◆ **WHAT TO PRODUCE**
The listing below should be reproduced precisely, except for its images.

◆ **RECORDED INFORMATION**
▬▬▬▬▬▬

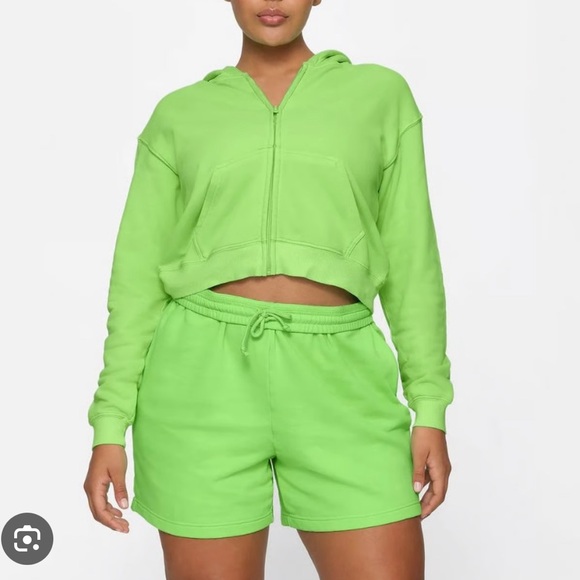 Skims neon green French Terry shorts - Picture 1 of 4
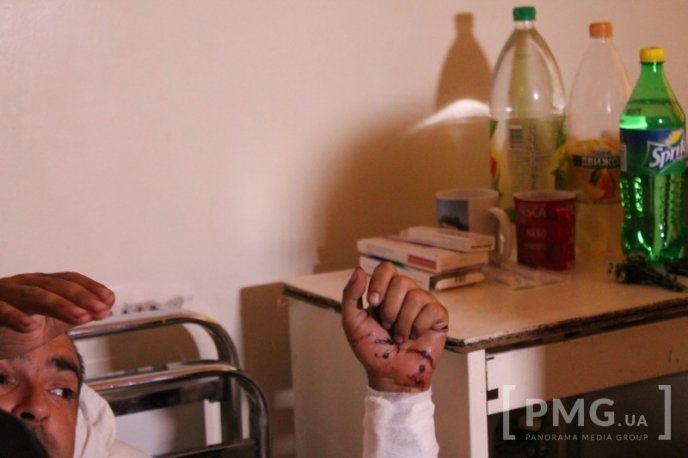 "Правий сектор" першим відкрив вогонь, - поранений правоохоронець – 08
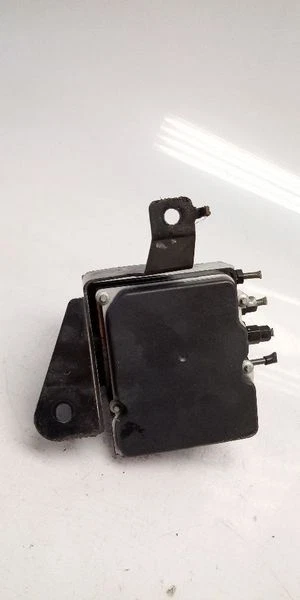 Насос тормозной антиблокировочный в сборе для Hyundai Sonata 2006-2008 ABS от оригинального производителя - Изображение 2 из 3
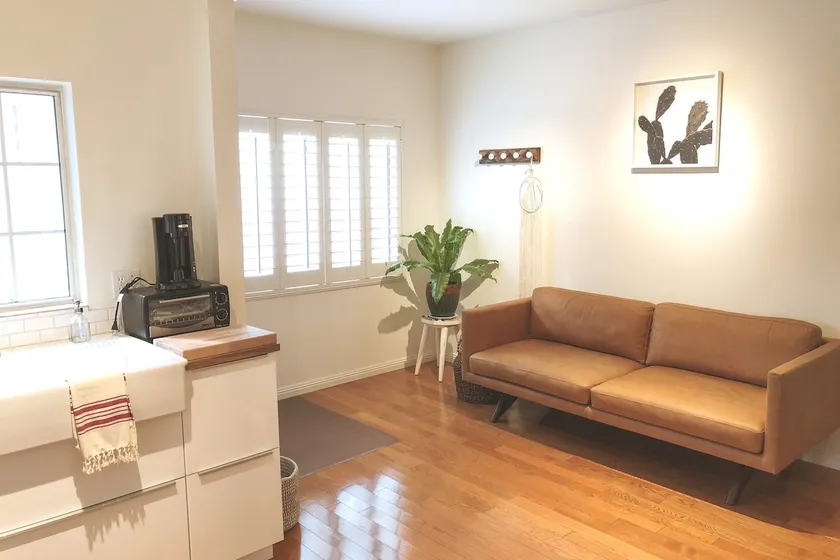 Natural Light Guest Space - Image 1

▬▬▬▬▬▬

◆ **THE COMPLETED TASK**
 Skims neon green French Terry shorts - Picture 1 of 4
 "Правий сектор" першим відкрив вогонь, - поранений правоохоронець – 08
 Насос тормозной антиблокировочный в сборе для Hyundai Sonata 2006-2008 ABS от оригинального производителя - Изображение 2 из 3
 Natural Light Guest Space - Image 1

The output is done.